Il primo cittadino rivendica “un impegno straordinario” laddove “la città aveva bisogno di avere risposte”. E questo “con entusiasmo e grande spirito di servizio, nell’interesse esclusivo del bene comune, con la collaborazione leale e qualificata di tanti tra dirigenti e dipendenti comunali che interpretano il loro lavoro con passione e impegno”. Una frase che vale una difesa d’ufficio dopo le ultime denunce pubbliche di Simona Princiotta e Pippo Zappulla. Ai quali invia implicitamente un messaggio: “ritengo inaccettabili tutti gli attacchi, spesso scomposti, di quanti dall’opposizione e non solo, purtroppo, preferiscono disegnare la mia amministrazione e in generale la maggioranza che mi sostiene come un gruppo di potere legato ai sistemi clientelari e alla difesa di interessi particolari tipici, piuttosto, delle passate amministrazioni delle quali peraltro chi ci attacca ha fatto parte o ha avuto ruoli di responsabilità”.
Quanto al merito dei problemi cittadini, Garozzo ammette “ritardi ed errori dovuti, oltre ai nostri limiti, soprattutto alla complessità delle questioni da affrontare, allo stato della macchina amministrativa che abbiamo trovato e alla progressiva diminuzione delle risorse erogate dallo Stato e dalla Regione, senza dimenticare il caos legislativo regionale in materia di acqua o rifiuti a cui abbiamo dovuto faticosamente far fronte. Noi costretti ad agire, quasi sempre, rincorrendo le emergenze”.

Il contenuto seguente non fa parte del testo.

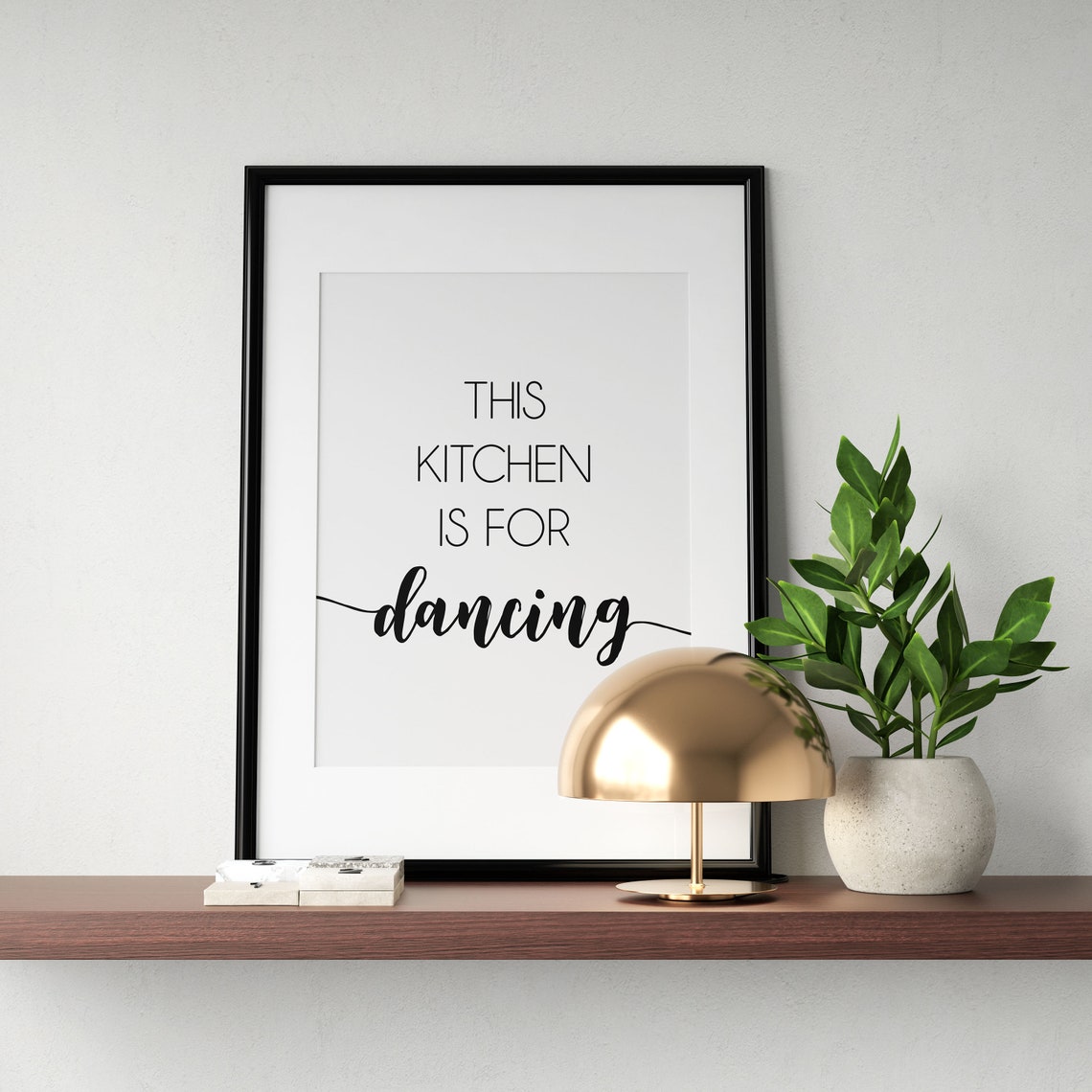 This Kitchen Is For Joyful Dancing Script Kitchen Quote Wall Art - Image 3
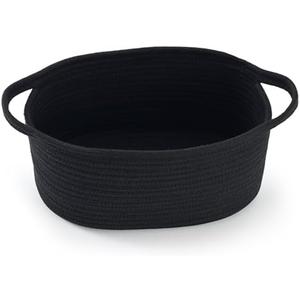 Happyiren Woven Empty Gift Basket with Handles – Perfect for Graduation, Teacher Appreciation, Birthdays & Special Occasions, Black Decorative Storage Container for Gifts, Toys, or Essentials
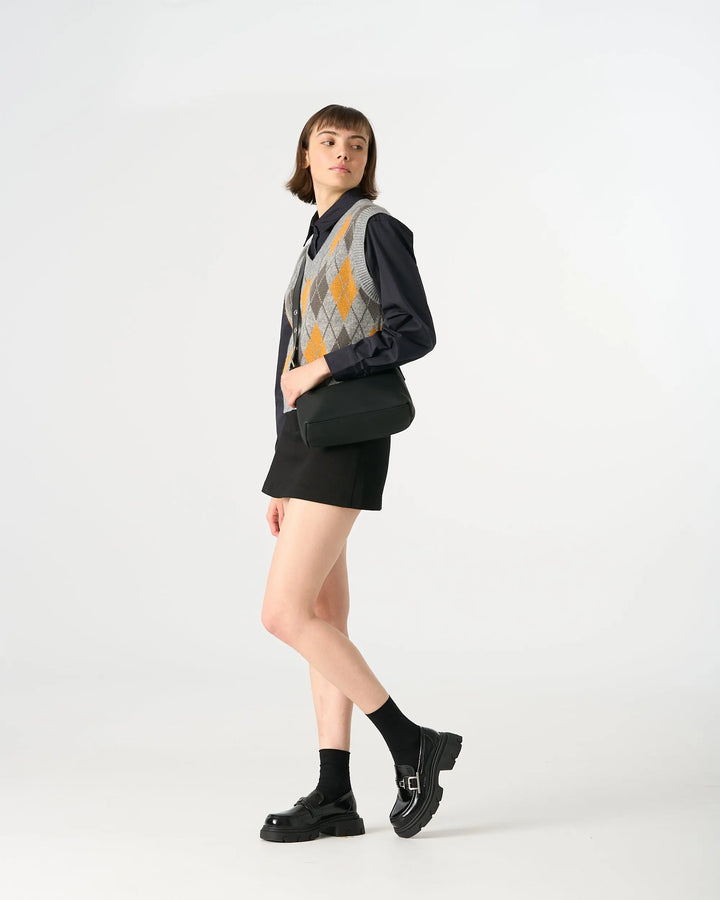 An image of a   20621 A-Line Mini Skirt by  Mirra Masa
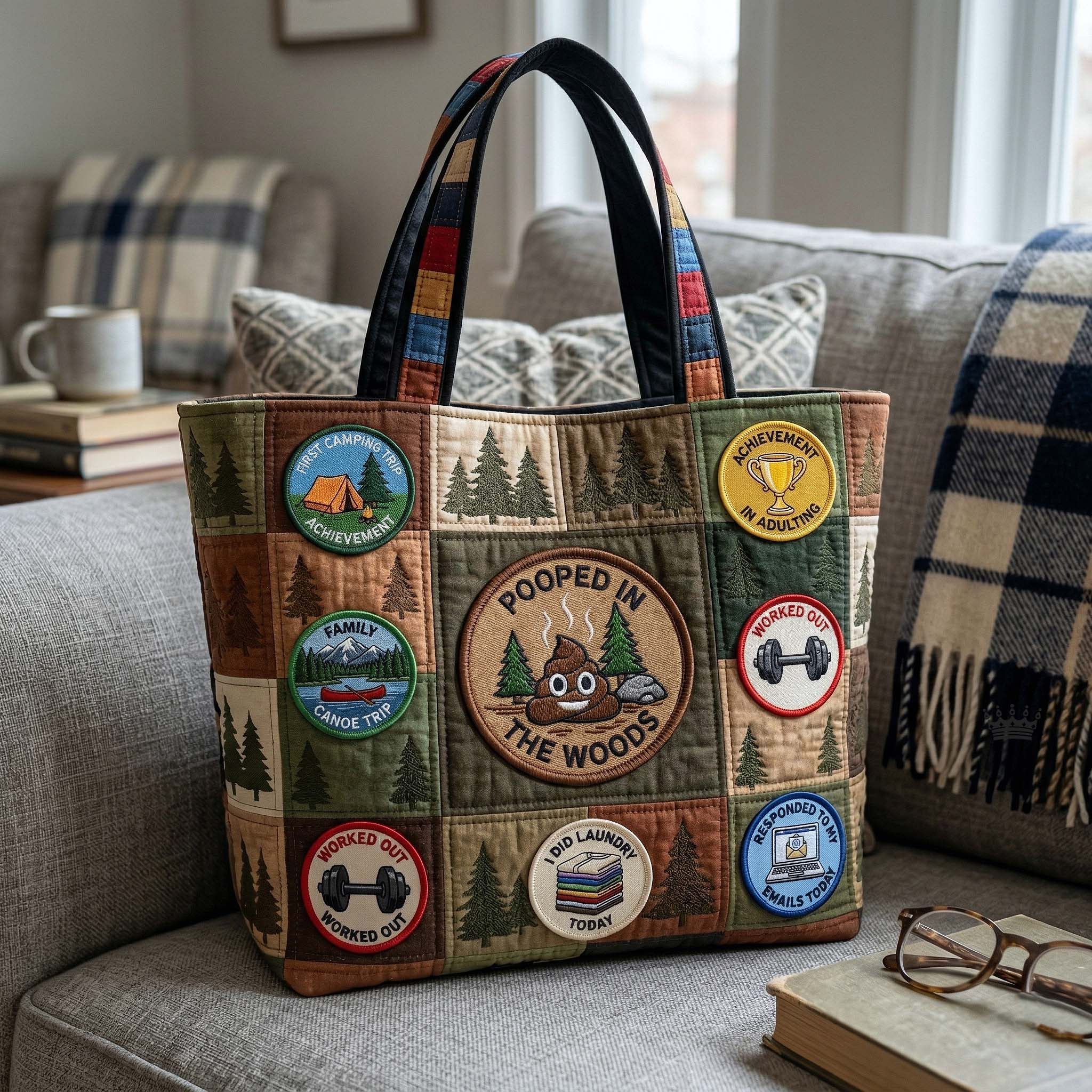 Honor Patches Quilted Tote Bag GFTOTP18189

Ma è quando parla del Consiglio Comunale che i toni tornano caldi. All’assise Garozzo rinnova la sua fiducia ma segnala l’eccessivo peso che hanno all’interno “le dinamiche dei partiti e del mio partito in particolare, il Pd”. Lo definisce proprio così, “il mio partito”. Il problema, in Consiglio Comunale, sarebbe legato all’avere scelto “anche recentemente, di contrapporre altro al confronto nel merito delle questioni che riguardavano la vita della città”.

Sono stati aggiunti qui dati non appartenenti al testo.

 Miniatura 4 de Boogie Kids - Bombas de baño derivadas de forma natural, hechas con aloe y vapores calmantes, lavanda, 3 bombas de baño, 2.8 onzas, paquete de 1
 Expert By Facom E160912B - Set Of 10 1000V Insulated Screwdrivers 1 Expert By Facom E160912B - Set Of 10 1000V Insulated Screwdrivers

La sfida adesso è rappresentata dall’approvazione del Bilancio con l’ombra lunga del commissariamento. La possibilità che le spaccature del Pd portino ad un voto contrario in Consiglio ed alla prematura fine dell’azione amministrativa partita nel 2013 non è del tutto remota se lo stesso sindaco sente il bisogno di invitare i consiglieri tutti “alla buona politica a servizio della città, con un rinnovato rapporto di collaborazione” aprendo a integrazioni e aggiustamenti. “Come Sindaco e come Giunta siamo a disposizione, come dimostrato anche recentemente, garantendo la nostra presenza nel recente seminario di verifica proposto dal Pd cittadino. Un confronto, ovviamente, che deve riguardare tutta la maggioranza e i singoli consiglieri che rivendicano, correttamente, maggiore coinvolgimento nelle analisi e nelle decisioni”.